Last month, the Trump administration finalized new National Environmental Policy Act (NEPA) rules that would make it easier to cut down trees and build new roads without having to engage local communities in the process. The rule change creates oversight loopholes across the 193 million-acre national forest system, amounting to a broad “permission slip” for logging and development without taking environmental harms into account.
The Trump administration is rushing to sell the rights to a sacred Apache Indigenous area outside of Phoenix, Arizona, to a mining company this month, a full year ahead of schedule.
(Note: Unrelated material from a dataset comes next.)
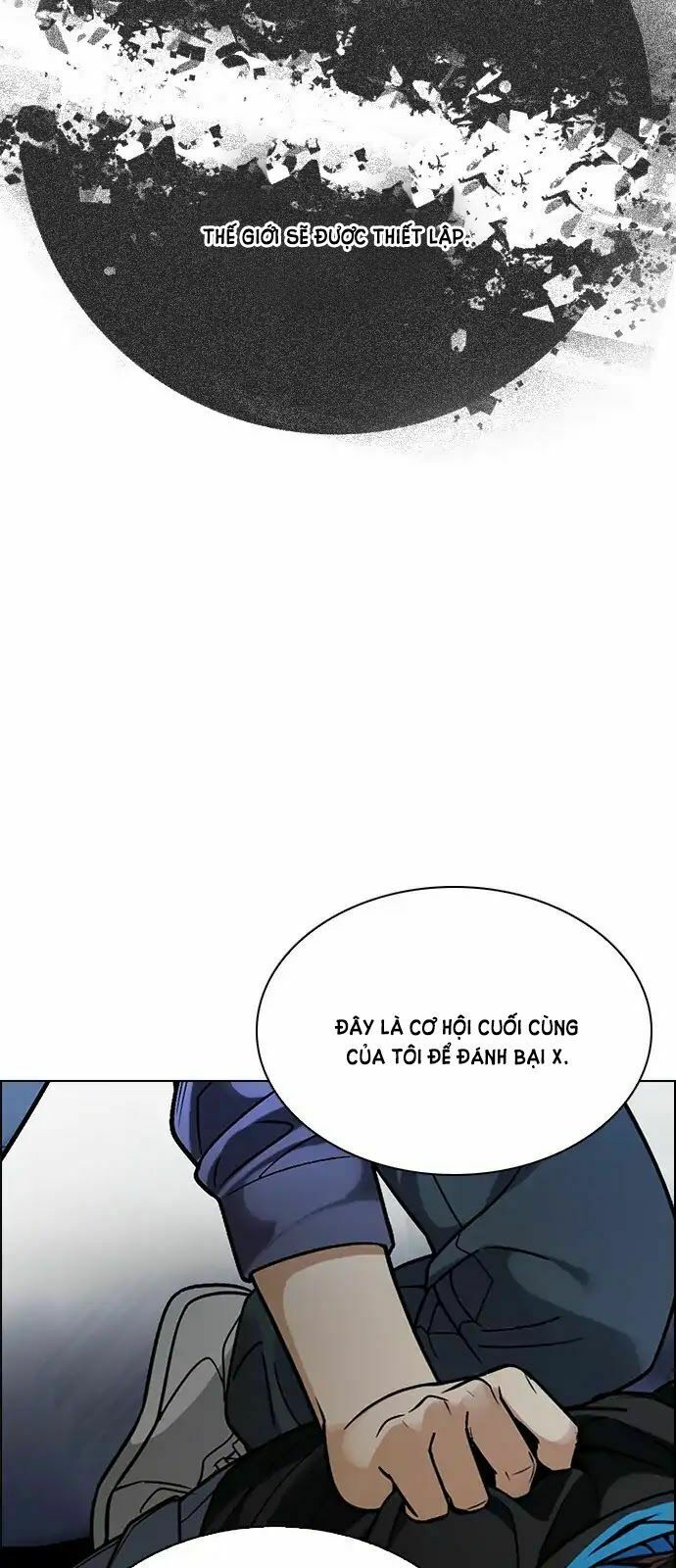 Trò Chơi Số Mệnh: Chapter 288: - Tuyệt vọng (6)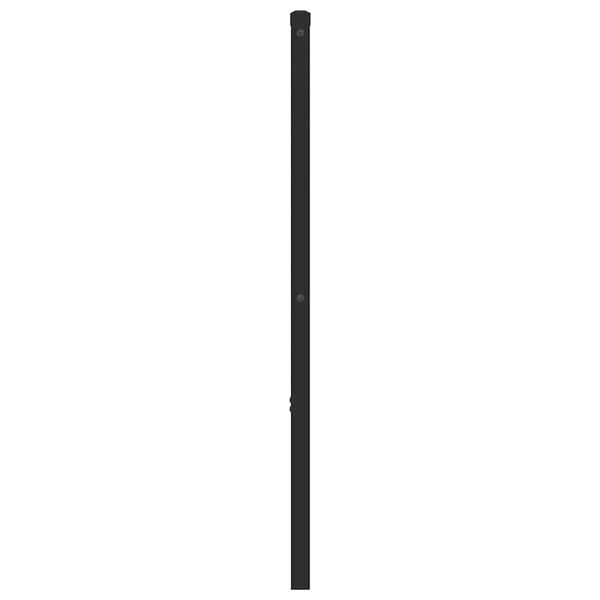 Zobrazen&iacute; obr&aacute;zku produktu 4 z 7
Democratic Arizona representative Raúl Grijalva and Senator Bernie Sanders have introduced a bill calling for the land transfer to be repealed. “If the land exchange happens, it will be difficult to roll back,” Grijalva told the Guardian.
The Bureau of Land Management is poised to approve a four-lane highway through protected wildlife habitat and public lands in Utah, ignoring vocal opposition from local conservation groups. The road would cut through the Red Cliffs Desert Reserve, critical habitat for the threatened Mojave desert tortoise. Conservation groups say BLM did not seriously consider alternative, less-damaging routes.
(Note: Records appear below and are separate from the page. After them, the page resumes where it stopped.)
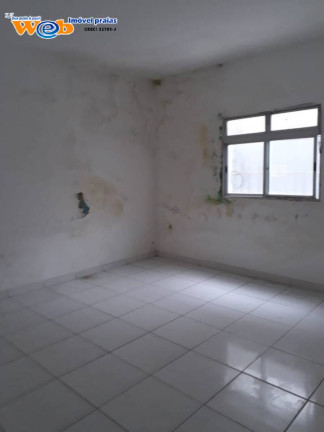 Imagem Casa com 3 Quartos à Venda, 100 m² em Vila Tupi - Praia Grande Imagem Casa com 3 Quartos à Venda, 100 m² em Vila Tupi - Praia Grande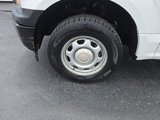 Used 2019 Ford F150 XL w/ Equipment Group 101A Mid image 4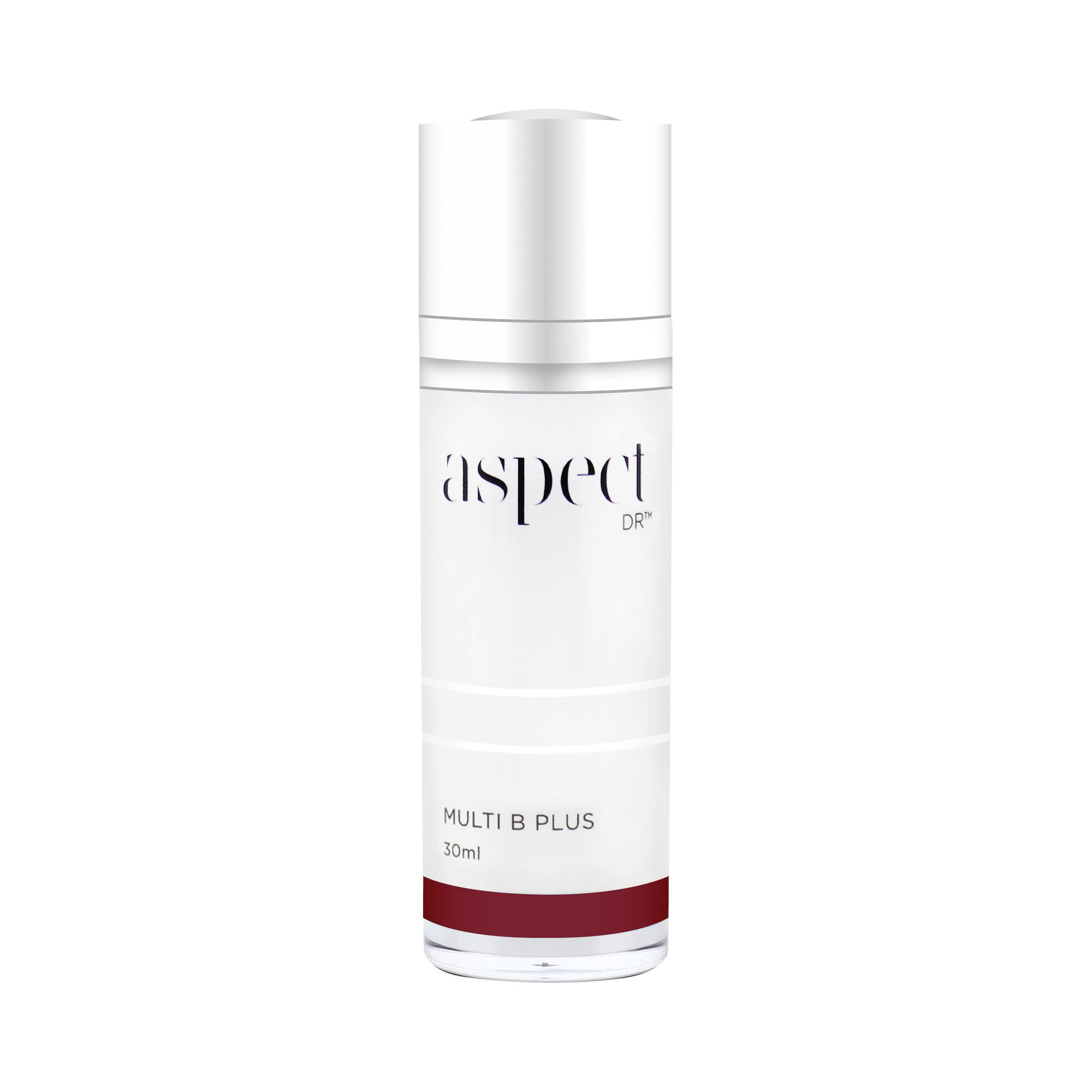Aspect-Dr-Multi-B-Plus-30ml-2000x2000-1.jpg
The Trump administration moved forward on gutting a longstanding federal protection for the nation’s birds, over objections from former federal officials and many scientists that billions more birds will likely perish as a result. The change could be made official within 30 days.
The wildlife service acknowledged in its findings that the rollback would have a “negative” effect on the many bird species covered by the 1918 Migratory Bird Treaty Act, which range from hawks and eagles to seabirds, storks, songbirds and sparrows.
Last month, Michael Kuperberg was removed from his job leading the program that produces the National Climate Assessment; he is likely to be replaced with a climate change denier. Appointing a climate change skeptic to the position would facilitate the contracting of researchers who reject climate science, keeping them in place after Biden takes office in January.
Senate Republicans are rushing to confirm Trump’s nominee to the Federal Communications Commission in order to create a 2-2 deadlock for the Biden FCC. On Wednesday, the Senate Commerce Committee voted to advance the nomination of Nathan Simington, a Republican in favor of greater government oversight of speech on the internet. Simington is viewed as a friend to the Trump administration’s desire to make changes to Section 230.
The Justice Department has rushed to expand possible execution methods to include electrocution and death by firing squad as they expedite a slew of scheduled executions in the final days of the Trump administration. The proposed rule cleared White House review on Nov. 6, according to the report, so it could be finalized any day.
…three inmates would be executed in the weeks leading up to President-elect Joe Biden’s inauguration, bringing the total number of inmates scheduled to die during the lame duck session to six.
Trump is considering an executive action to target birthright citizenship in his final weeks in office. According to The Hill, “The administration is aware the order would be promptly challenged in court, but officials would hope to get a ruling on whether birthright citizenship is protected under the 14th Amendment…”
The Trump administration is also racing to make it harder for skilled foreign workers to gain visas, narrowing the definition of a “specialty occupation” eligible for a skilled-worker visa under the H-1B program. A second fast-track regulation would raise the wages that employers must pay to demonstrate foreign workers will not displace Americans in the same occupation and geographic area.